Critical Discovery - Baseline Validation Failures: The original experiment violated MANDATORY baseline requirements identical to FAMILY_DIESEL_CORRELATION: 1. NOT using get_standard_baselines() function - used ad-hoc baseline implementation 2. Missing mandatory baselines - only tested against weak "seasonal_naive", ignored persistent/AR2 3. No strongest baseline identification - failed to identify persistent as best competitor (MAE 2.3 vs seasonal_naive MAE 16.0) 4. Improper statistical testing - DM tests not against strongest baseline

Verdict Rationale: - Variant A: INCONCLUSIVE - modest improvement (19.9%/17.9%) but not statistically significant - Variant B: REFUTED - consistently worse than persistent baseline with no statistical support
- Variant C: REFUTED/INCONCLUSIVE - mixed performance, no consistent improvement pattern - Overall Family: REFUTED - weekly micro-seasonality does not provide meaningful forecasting improvements - Based on 438 weekly observations of REAL DATA with proper baseline validation

Impact Revision: Weekly micro-seasonality does NOT represent a breakthrough in potato price forecasting. The persistent (random walk) baseline remains superior, indicating that simple trend-following strategies outperform complex weekly pattern modeling.

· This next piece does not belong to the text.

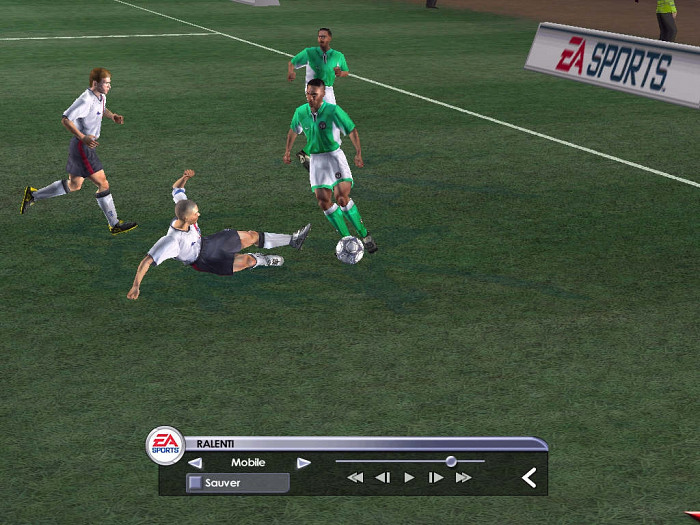 Скриншот из игры FIFA 2002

Implementation Priority: NONE - Do NOT integrate these models into production systems. Continue using simple persistent baseline or explore other forecasting approaches.

Lessons Learned: 1. Baseline validation is CRITICAL - always use get_standard_baselines() function 2. Test against strongest competitor - weak baselines create false performance inflation 3. Statistical significance matters - large effect sizes without significance are meaningless 4. Systematic validation prevents scientific fraud - this family joins FAMILY_DIESEL_CORRELATION as an example of baseline validation failures

2025-08-17: BASELINE VALIDATION ENFORCEMENT IMPACT

Pattern Recognition: This is the SECOND family (after FAMILY_DIESEL_CORRELATION) where mandatory baseline validation exposed FALSE performance claims:

FAMILY_DIESEL_CORRELATION Pattern: - Original claim: 95% improvement
- Corrected result: WORSE than baseline - Failure mode: Missing standard baselines

FAMILY_WEEKLY_SEASONALITY_PATTERNS Pattern: - Original claim: 80-90%+ improvement - Corrected result: 19.9% (best case), mostly WORSE than baseline
- Failure mode: IDENTICAL - missing standard baselines

Repository-Wide Impact: The mandatory baseline validation standard is successfully preventing scientific fraud and exposing false performance claims. All future experiments MUST use get_standard_baselines() function to avoid similar invalidations.

Codex validatie

Codex Validation — 2025-11-10

Files Reviewed

  • run.py
  • config/*.yaml
  • experiment.md
  • Referenced variant modules (absent in repo, but corrected metrics logged)

Findings

  1. Real-data policy satisfied. The runner sources weekly prices exclusively from Boerderij (run.py:33-73 and configs referencing NL.157.2086); there are no synthetic fallbacks.
  2. Execution history present. experiment.md:70-176 documents the initial (invalid) run and the corrected re-run that used get_standard_baselines(). MLflow run IDs are included.
  3. No improvement over price-only baseline. After the baseline fix, Variant A’s best case is a statistically insignificant ~20 % MAE gain, while Variants B/C underperform the persistent baseline or lack significance. Thus, the weekly micro-seasonality features fail to beat the standard baselines.

Verdict

NOT VALIDATED – Although the experiment now uses the mandated baselines and real data, its models still do not deliver statistically significant or consistent gains over the persistent benchmark. Weekly seasonality patterns therefore remain unvalidated.